The Brú na Bóinne Visitor Centre (; 'Valley of the Boyne' often, though incorrectly, rendered 'Palace of the Boyne') is the starting point for all visits to the monuments of the UNESCO World Heritage Site at Brú na Bóinne, notably the passage graves of Newgrange and Knowth. It is located eight kilometers west of Drogheda in County Meath, Ireland.

Background
The Visitor Centre is located near the village of Donore, County Meath, south of the river Boyne, whereas the monuments themselves are located on the north side of the river.

All access to the passage graves is by guided tour only and all tours begin at the visitor centre. Visitors are placed on the next available tour. Due to the small nature of the interior of the monuments, places are limited to around 700 per day at high season, which can fill up quickly - particularly during summer months. Visitors cross the river via a footbridge and are brought by shuttle bus to the monuments.

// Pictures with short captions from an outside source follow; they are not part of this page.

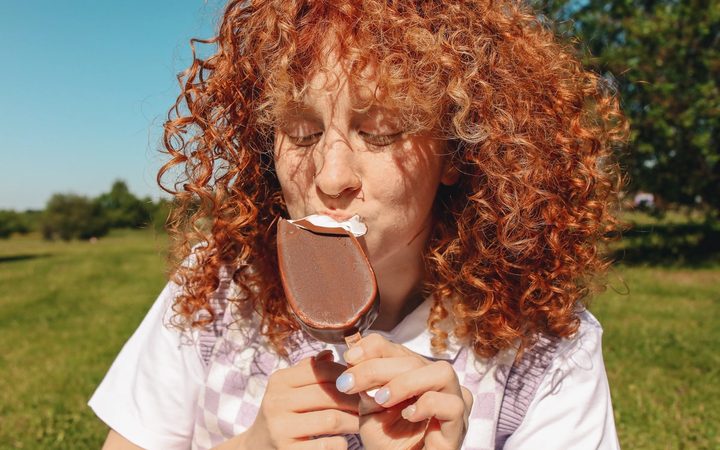 Sitting on a green, grassy lawn under a blue sky, a redhead enjoys an ice cream bar.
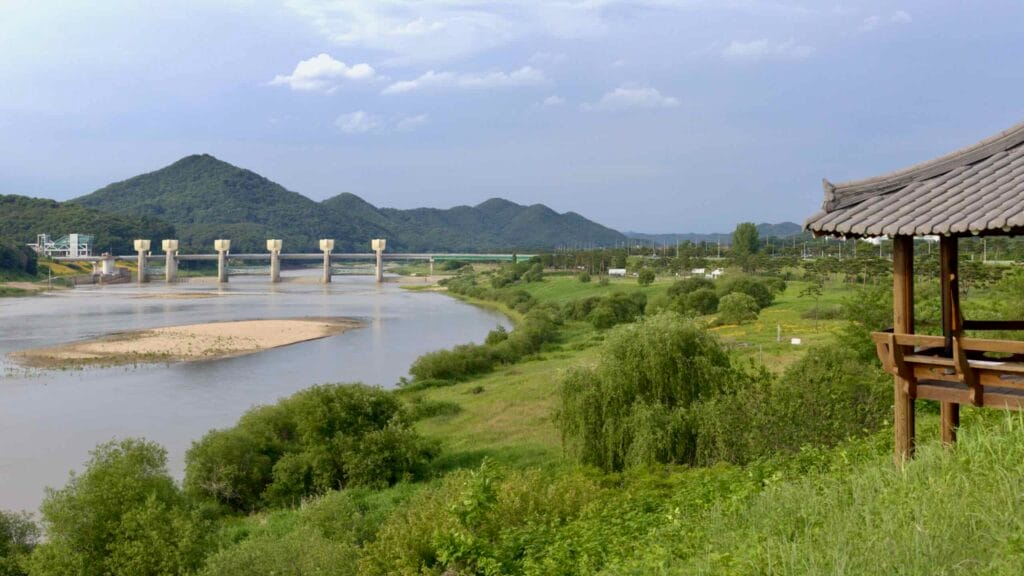 A view of the Geum River with Gongju Weir in the distance, surrounded by greenery and rolling hills.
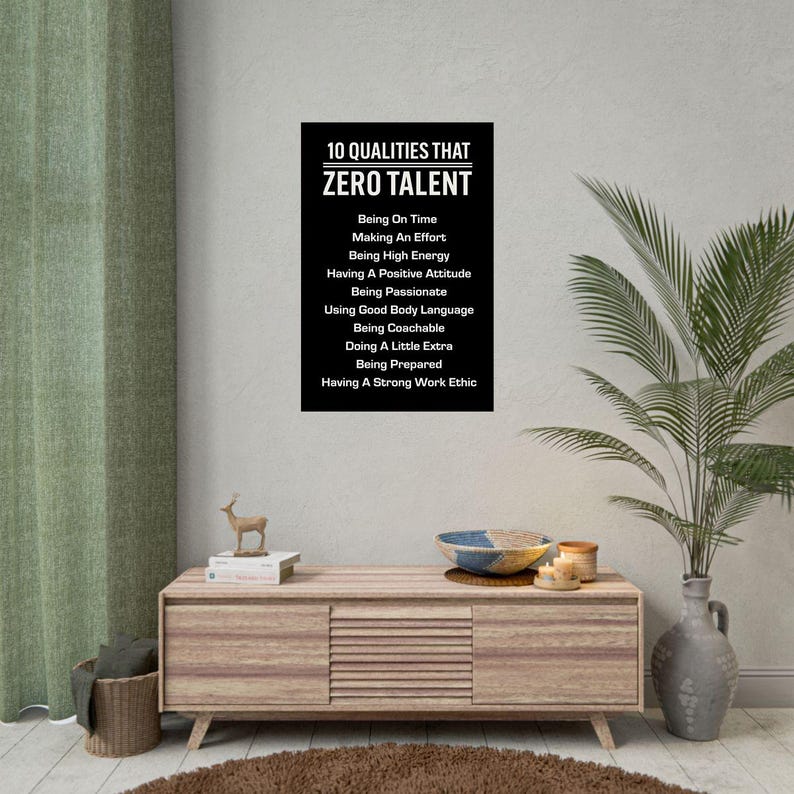 May include: A black and white poster with the text "10 QUALITIES THAT ZERO TALENT" and a list of ten qualities. The poster is displayed on a light wood cabinet with decorative items and a plant.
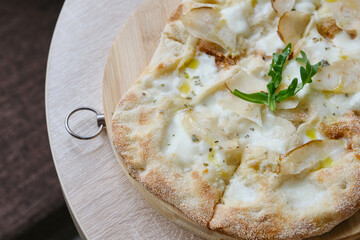Roman round pizza five or four cheeses on a round wooden kitchen pizza board. Delicious fresh...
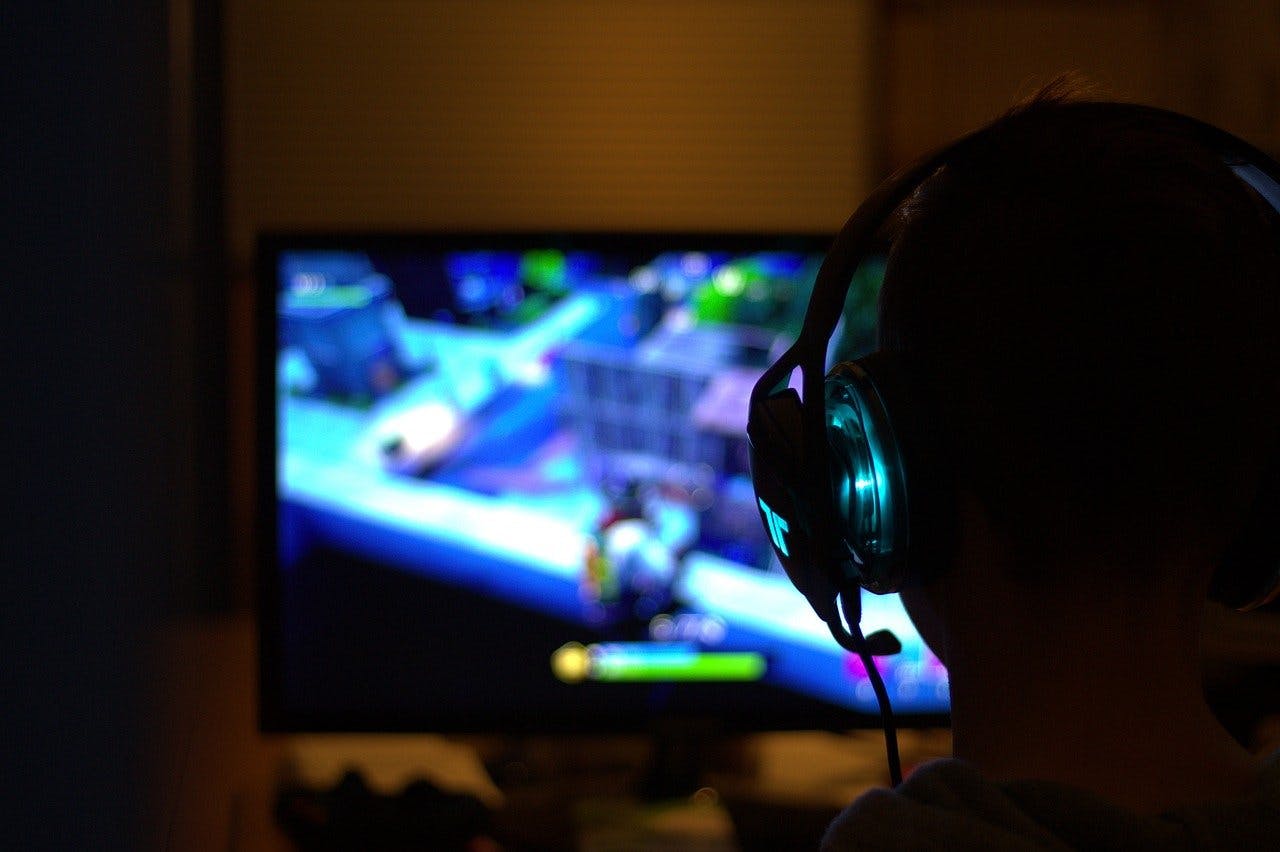 Jugendlicher mit Kopfhörer sitzt vor erleuchtetem PC Bildschirm und zockt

The Visitor Centre is open all year round, with longer opening hours in the summer time. The Visitor Centre houses a large interactive exhibition on the Brú na Bóinne area, an audio-visual presentation, a wheelchair accessible replica of the interior of the passage and chamber at Newgrange. It also has a tourist office, gift shop and tea rooms. There is a large car park and a picnic area at the Visitor Centre.

A bus service runs from Drogheda to the Visitor Centre via Donore village.  The bus service varies depending on the season.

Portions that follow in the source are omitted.